How Lender Certifications Become a Liability Trap
When developers, particularly limited partnerships seek construction loans, especially on public projects, lenders often require design professionals to sign lender certifications as a condition of funding. These certifications frequently include language that far exceeds the design professional’s scope of services and standard of care, requiring them to warrant or guarantee compliance with a laundry list of regulations and conditions.
Real-World Sample Language:
“The undersigned certifies that the Project has been completed in strict accordance with the construction documents, and complies with all applicable conditions, restrictions, reservations, whether or not of record, statutes, regulations and ordinances, including, without limitation, all pollution control, environmental protection, zoning, planning and land use requirements, building codes and all requirements of public utilities.
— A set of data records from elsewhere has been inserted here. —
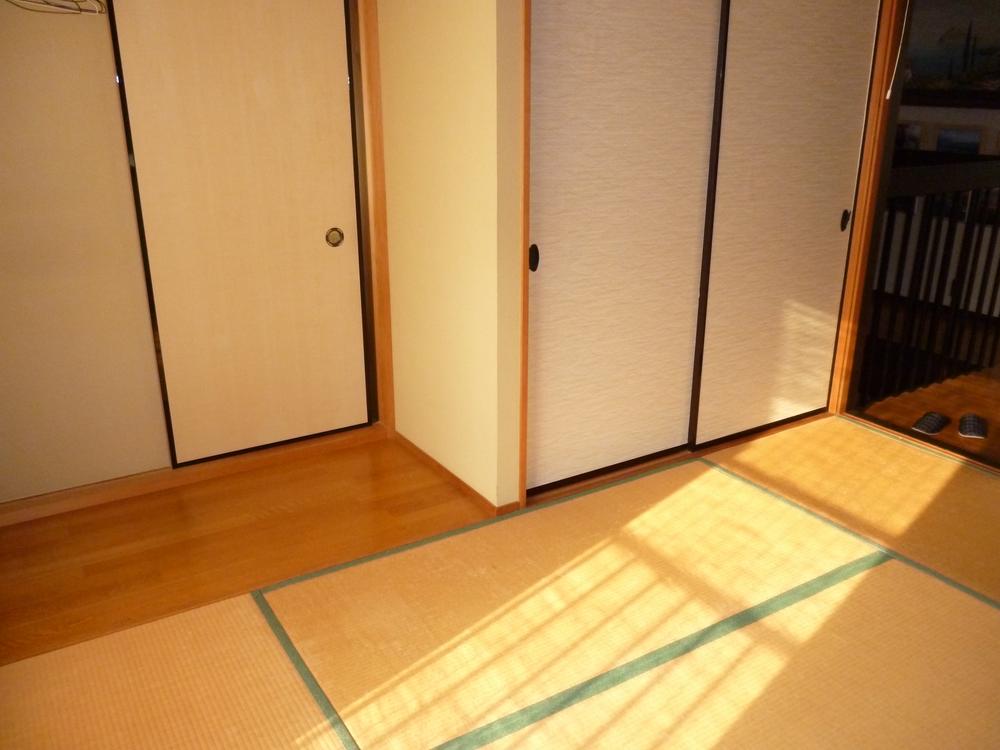 Non-living room. Indoor (12 May 2013) Shooting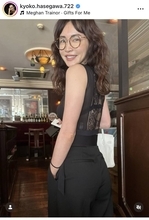 長谷川京子、ノースリーブトップス×縁ありメガネでリラックスムード全開！「背中のラインが美しい」「黒が似合いすぎて」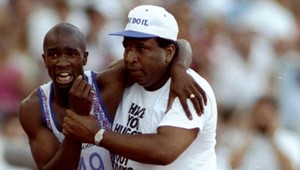 Svet opustil otec, ktorý pomohol dokončiť synovi olympijské preteky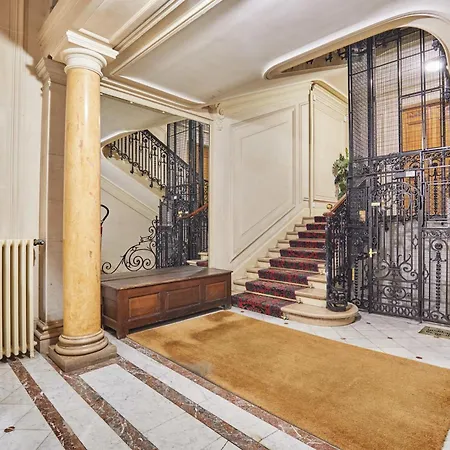 Luxurious Airconditioned Arc De Triomphe Parigi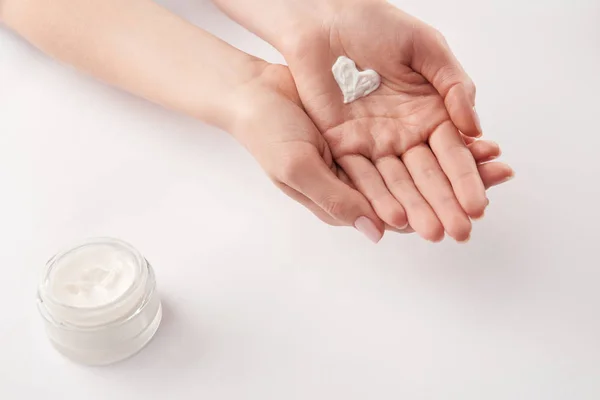 Kadının Kalp Şeklinde Kozmetik Krem Beyaz Arka Plan Üzerinde Uygulama — Stok fotoğraf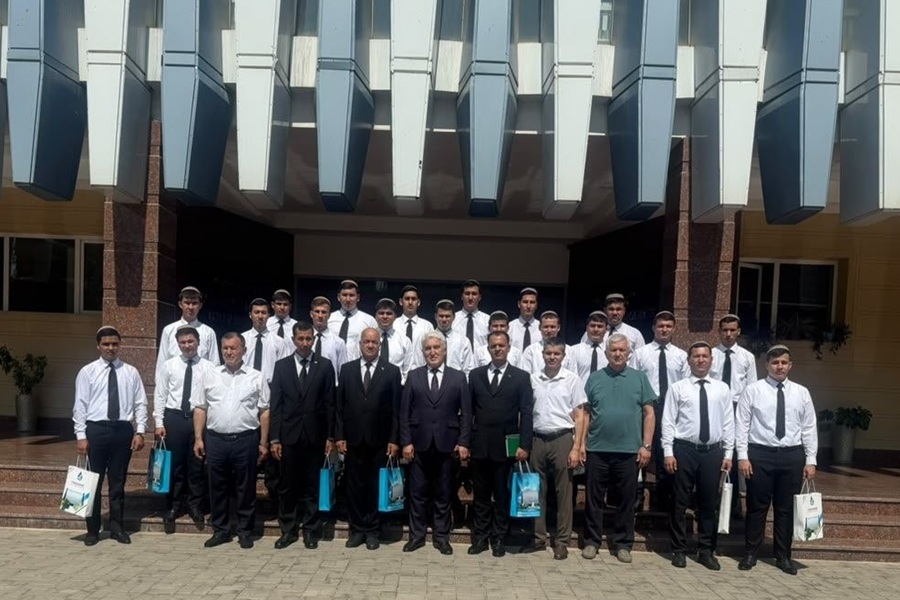 Студенты аграрного университета Туркменистана проходят стажировку в Ташкенте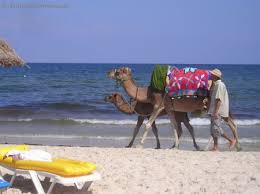 Patří k nejoblíbenějším turistickým destinacím. Plaze Na Djerbe Tunis Djerba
The undersigned also agrees that all design documents are free of error and that all reports and specifications, including their copyrights, are the property of the lender.”
Why This Language Is Dangerous
Signing such certifications can expose a design firm to substantial risk:
- Warranties and guarantees that the project complies with “all” codes, statutes, and environmental laws—many of which are subject to interpretation or change over time.
- A perfection standard: Statements such as “design documents have no errors” impose an impossible burden and go far beyond the professional standard of care.
- Certifying work outside your scope: You may be asked to verify contractor work or construction quality that you did not observe or supervise.
- Loss of ownership: Assigning copyright or control of your design documents to the lender can create future liability—especially if the documents are reused or altered.
- Time pressure: Lenders and owners often demand immediate signature to avoid delays in funding, placing the design professional in a vulnerable position with little time for review or legal counsel.
Practical Solutions To Protect Your Firm
- Remove vague lender cooperation clauses during contract negotiations. Language requiring “full cooperation” or undefined obligations to lenders should be stricken or revised.
- Propose fair and limited alternatives, such as: “The Design Professional shall reasonably cooperate with the Client’s lender to the extent consistent with the Design Professional’s standard of care, professional judgment, and obligations under this Agreement.”
- Refuse to sign certifications that require;
Knowledge or verification of work outside your scope.
Guarantees or warranties of code compliance or construction.
- Statements declaring zero error or flaw in design.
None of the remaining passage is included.